Records contained in a dataset
........
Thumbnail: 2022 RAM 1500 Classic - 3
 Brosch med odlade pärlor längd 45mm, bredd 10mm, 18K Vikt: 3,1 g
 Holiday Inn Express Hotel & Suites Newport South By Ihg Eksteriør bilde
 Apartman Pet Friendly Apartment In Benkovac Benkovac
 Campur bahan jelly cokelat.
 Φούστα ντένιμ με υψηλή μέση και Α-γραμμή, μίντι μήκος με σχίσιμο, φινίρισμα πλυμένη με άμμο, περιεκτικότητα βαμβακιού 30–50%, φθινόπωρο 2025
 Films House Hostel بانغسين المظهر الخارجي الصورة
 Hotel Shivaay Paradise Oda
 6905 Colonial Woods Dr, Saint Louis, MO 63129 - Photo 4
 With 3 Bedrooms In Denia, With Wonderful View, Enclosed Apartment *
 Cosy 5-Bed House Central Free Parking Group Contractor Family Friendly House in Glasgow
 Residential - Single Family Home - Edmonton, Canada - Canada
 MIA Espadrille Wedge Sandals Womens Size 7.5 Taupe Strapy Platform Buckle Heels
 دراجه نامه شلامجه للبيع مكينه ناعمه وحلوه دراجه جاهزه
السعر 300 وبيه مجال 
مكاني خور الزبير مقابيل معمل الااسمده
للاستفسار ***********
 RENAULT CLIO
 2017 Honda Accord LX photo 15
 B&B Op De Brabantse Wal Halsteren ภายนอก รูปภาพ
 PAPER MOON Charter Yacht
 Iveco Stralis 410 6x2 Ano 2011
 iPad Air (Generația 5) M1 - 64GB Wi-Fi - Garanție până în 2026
........
* **THE PROBLEM**
Wherever "House" turns up in the records, copy the whole line.

* **ANSWER TO THE EXERCISE**
 Films House Hostel بانغسين المظهر الخارجي الصورة
 Cosy 5-Bed House Central Free Parking Group Contractor Family Friendly House in Glasgow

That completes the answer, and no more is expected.